§ EXERCISE GOAL
All of the data, word for word and free of pictures, is the expected result.

BEGIN INFORMATION SUPPLIED

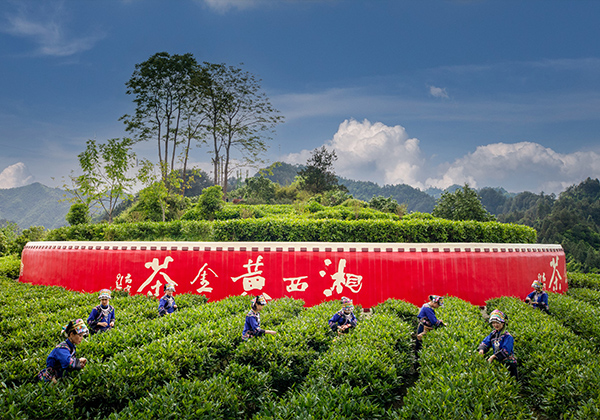 茶博园“肆野"市集｜“我在湘西有亩茶”，第一期认购启动，做“茶园主”免费住民宿，市集当天五折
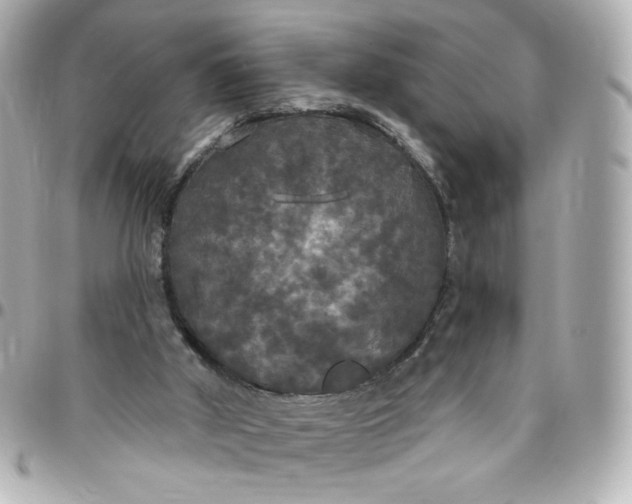 X0000096490010200802071953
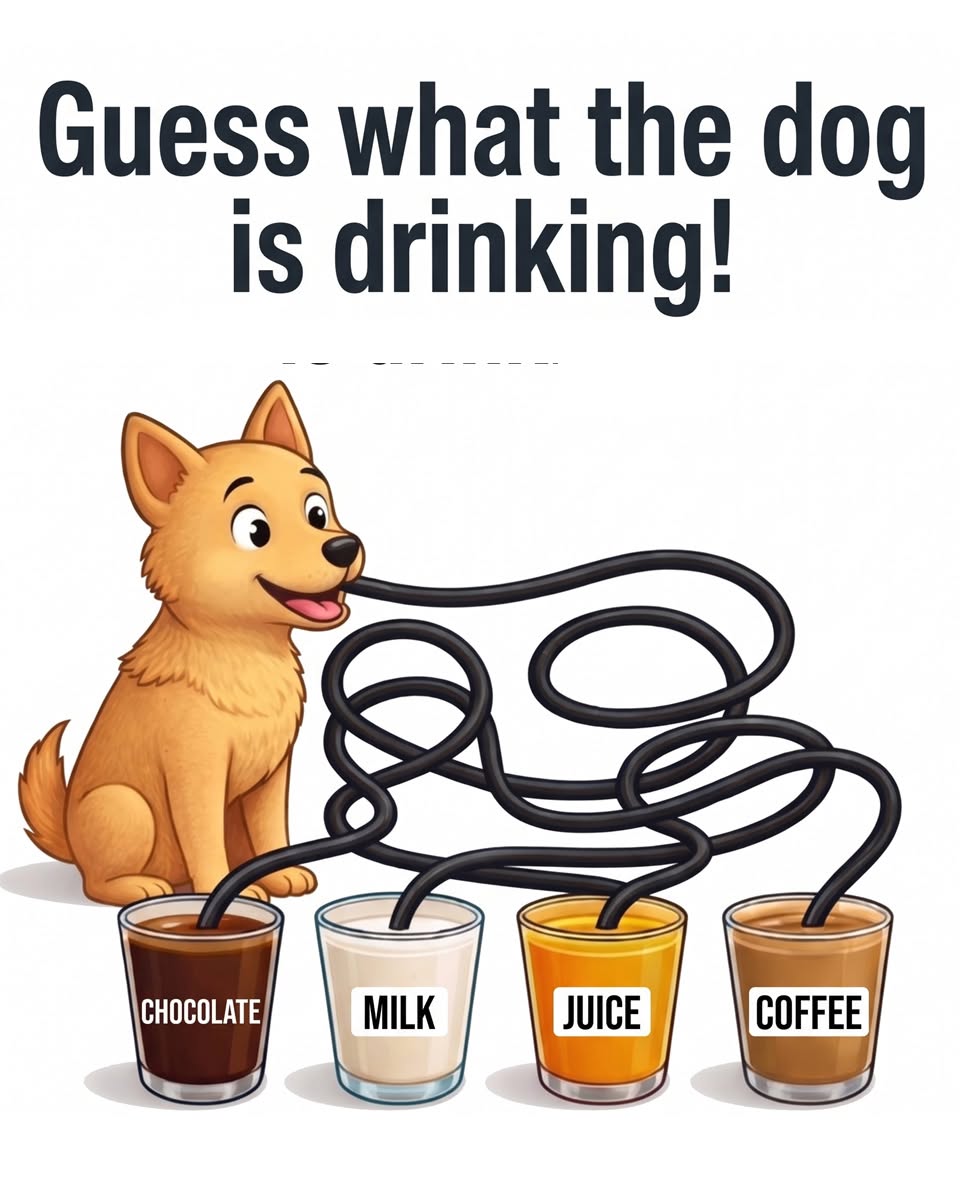 Guess what the dog is drinking!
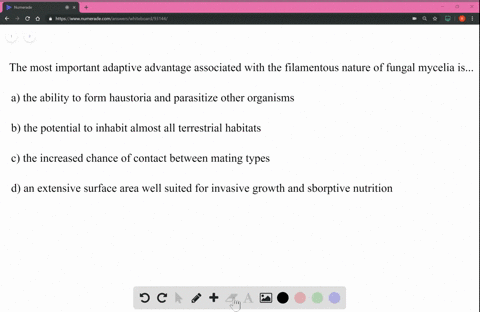 the-most-important-adaptive-advantage-associated-with-the-filamentous-nature-of-fungal-mycelia-is-be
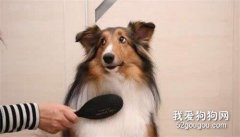 怎么給狗狗梳毛 狗狗梳毛方法大全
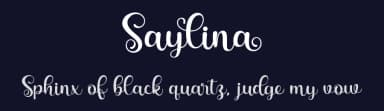 Saylina by Holydie Studio — Script Handwritten Font — thumbnail 2
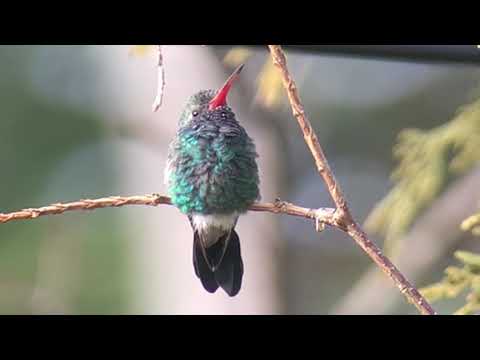 Club Des Ornithologues De Québec Sommaire Saisonnier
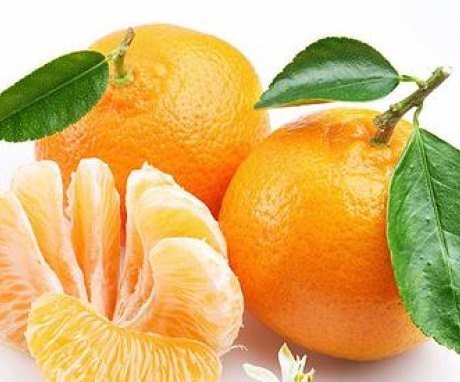 Alte modalități de propagare a arborelui de mandarină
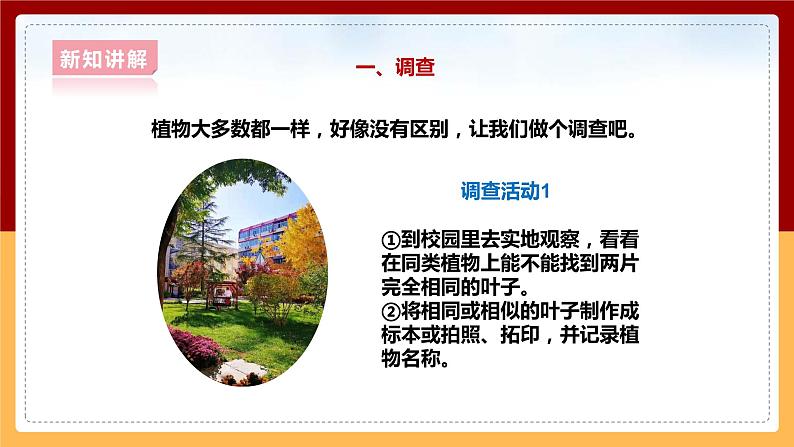 大象版六上科学 4.3《植物的遗传和变异》课件+教案06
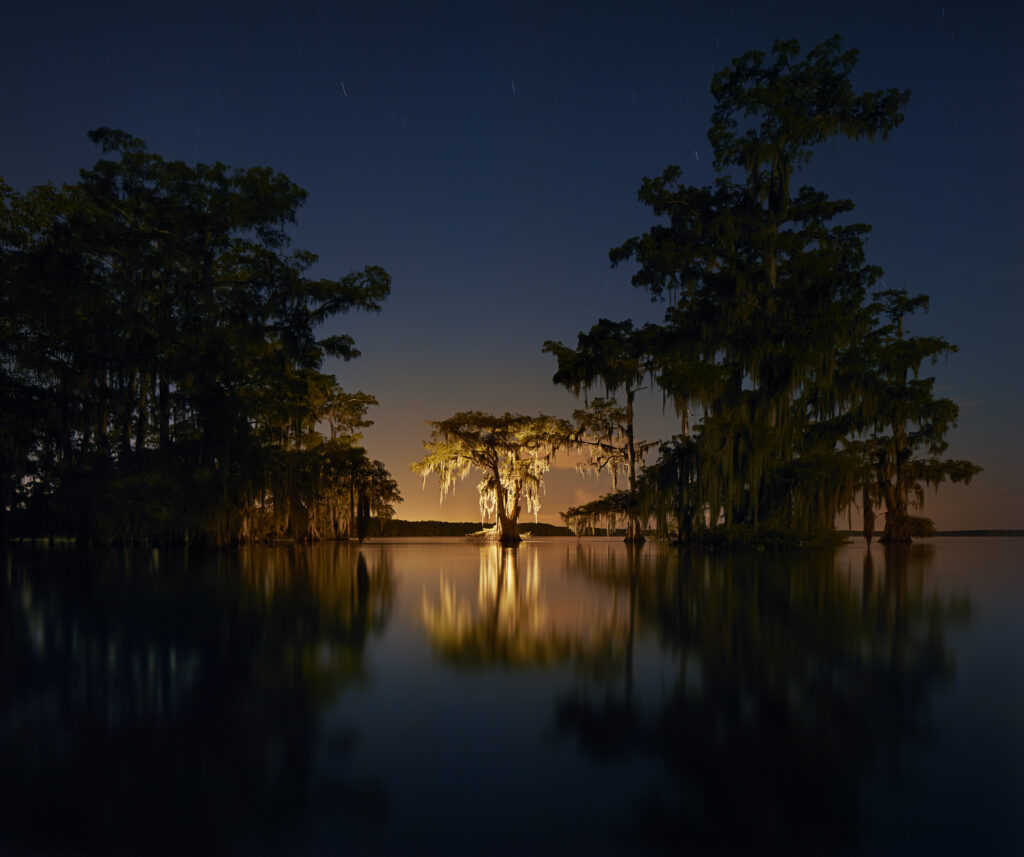 relle photography of lighted cypress tree in lake at night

END INFORMATION SUPPLIED

§ ANSWER TO THIS TASK
 茶博园“肆野"市集｜“我在湘西有亩茶”，第一期认购启动，做“茶园主”免费住民宿，市集当天五折
 X0000096490010200802071953
 Guess what the dog is drinking!
 the-most-important-adaptive-advantage-associated-with-the-filamentous-nature-of-fungal-mycelia-is-be
 怎么給狗狗梳毛 狗狗梳毛方法大全
 Saylina by Holydie Studio — Script Handwritten Font — thumbnail 2
 Club Des Ornithologues De Québec Sommaire Saisonnier
 Alte modalități de propagare a arborelui de mandarină
 大象版六上科学 4.3《植物的遗传和变异》课件+教案06
 relle photography of lighted cypress tree in lake at night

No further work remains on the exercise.